--- Input for this task ---
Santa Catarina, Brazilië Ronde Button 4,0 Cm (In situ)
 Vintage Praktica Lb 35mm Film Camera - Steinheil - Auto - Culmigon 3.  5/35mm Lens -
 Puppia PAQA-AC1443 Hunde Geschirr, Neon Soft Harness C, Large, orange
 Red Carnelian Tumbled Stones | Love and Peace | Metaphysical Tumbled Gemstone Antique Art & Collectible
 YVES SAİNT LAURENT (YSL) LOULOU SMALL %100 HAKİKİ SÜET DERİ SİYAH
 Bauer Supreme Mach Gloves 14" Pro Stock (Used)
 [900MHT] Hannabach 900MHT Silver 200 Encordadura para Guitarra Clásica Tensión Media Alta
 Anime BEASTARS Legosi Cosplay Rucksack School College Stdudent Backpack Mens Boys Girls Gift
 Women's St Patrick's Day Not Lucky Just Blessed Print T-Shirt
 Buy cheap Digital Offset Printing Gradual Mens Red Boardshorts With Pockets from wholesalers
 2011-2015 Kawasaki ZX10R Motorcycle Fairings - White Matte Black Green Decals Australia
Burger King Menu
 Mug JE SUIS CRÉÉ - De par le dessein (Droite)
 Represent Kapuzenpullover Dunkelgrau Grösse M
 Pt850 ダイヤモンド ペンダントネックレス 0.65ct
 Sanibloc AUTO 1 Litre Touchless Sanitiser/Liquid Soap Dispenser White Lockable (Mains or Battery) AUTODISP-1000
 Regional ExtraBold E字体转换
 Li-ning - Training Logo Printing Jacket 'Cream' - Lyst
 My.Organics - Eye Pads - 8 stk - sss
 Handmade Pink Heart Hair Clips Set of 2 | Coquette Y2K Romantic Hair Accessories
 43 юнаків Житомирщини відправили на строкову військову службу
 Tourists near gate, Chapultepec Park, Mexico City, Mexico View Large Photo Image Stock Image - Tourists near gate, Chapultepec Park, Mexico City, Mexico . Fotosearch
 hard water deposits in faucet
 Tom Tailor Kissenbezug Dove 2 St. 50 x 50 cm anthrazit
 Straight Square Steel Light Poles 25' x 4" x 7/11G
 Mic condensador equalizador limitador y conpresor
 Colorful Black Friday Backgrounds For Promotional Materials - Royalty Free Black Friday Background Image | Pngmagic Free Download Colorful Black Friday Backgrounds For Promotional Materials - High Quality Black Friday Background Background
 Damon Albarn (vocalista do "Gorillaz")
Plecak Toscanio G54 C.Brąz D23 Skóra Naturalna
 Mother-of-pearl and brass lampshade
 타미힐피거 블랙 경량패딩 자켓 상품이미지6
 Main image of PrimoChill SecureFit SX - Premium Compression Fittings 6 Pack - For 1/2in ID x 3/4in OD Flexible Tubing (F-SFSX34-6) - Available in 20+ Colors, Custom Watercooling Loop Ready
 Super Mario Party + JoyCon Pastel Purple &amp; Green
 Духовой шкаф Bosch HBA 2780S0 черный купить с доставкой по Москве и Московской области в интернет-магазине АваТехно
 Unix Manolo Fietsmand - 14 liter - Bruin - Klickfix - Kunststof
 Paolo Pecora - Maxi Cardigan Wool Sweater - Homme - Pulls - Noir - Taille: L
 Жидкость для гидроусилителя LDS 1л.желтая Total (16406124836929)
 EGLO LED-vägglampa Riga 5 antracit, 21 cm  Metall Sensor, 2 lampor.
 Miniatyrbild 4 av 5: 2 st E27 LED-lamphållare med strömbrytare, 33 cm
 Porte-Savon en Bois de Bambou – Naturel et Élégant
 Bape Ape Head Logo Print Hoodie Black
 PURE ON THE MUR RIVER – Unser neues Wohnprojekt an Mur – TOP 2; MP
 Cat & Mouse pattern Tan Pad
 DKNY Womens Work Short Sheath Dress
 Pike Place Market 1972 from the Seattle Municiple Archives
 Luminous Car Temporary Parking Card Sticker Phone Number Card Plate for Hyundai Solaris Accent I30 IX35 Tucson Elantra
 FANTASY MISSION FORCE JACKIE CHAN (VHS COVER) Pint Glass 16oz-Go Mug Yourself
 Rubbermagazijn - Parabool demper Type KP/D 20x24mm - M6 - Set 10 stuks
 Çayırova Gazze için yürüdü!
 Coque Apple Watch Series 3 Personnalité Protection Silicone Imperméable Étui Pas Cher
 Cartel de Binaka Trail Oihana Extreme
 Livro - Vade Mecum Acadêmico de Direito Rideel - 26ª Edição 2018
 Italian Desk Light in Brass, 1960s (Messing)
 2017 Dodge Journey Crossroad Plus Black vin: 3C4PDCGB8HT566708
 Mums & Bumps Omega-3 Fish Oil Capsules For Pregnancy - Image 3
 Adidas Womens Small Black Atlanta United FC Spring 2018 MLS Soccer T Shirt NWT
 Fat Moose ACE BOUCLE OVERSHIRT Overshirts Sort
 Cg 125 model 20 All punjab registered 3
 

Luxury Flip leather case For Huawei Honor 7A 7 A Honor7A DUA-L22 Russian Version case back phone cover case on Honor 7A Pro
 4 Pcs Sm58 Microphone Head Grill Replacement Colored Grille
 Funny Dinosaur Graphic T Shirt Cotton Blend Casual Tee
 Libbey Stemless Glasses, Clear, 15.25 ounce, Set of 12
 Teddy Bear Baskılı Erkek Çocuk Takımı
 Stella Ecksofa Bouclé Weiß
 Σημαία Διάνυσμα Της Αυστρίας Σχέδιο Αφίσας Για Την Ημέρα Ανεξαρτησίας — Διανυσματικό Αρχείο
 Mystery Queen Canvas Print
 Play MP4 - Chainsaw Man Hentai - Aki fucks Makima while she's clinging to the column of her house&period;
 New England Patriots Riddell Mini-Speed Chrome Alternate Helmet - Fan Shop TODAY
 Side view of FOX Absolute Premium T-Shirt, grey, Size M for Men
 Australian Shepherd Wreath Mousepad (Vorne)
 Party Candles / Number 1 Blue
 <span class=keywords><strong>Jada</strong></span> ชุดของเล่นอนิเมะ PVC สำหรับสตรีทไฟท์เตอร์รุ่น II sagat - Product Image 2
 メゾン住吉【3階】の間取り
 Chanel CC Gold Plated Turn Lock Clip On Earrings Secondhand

--- Prompt ---
One figure is all that is needed: the number of lines above in which the word "Party" appears.

--- Answer to this task ---
2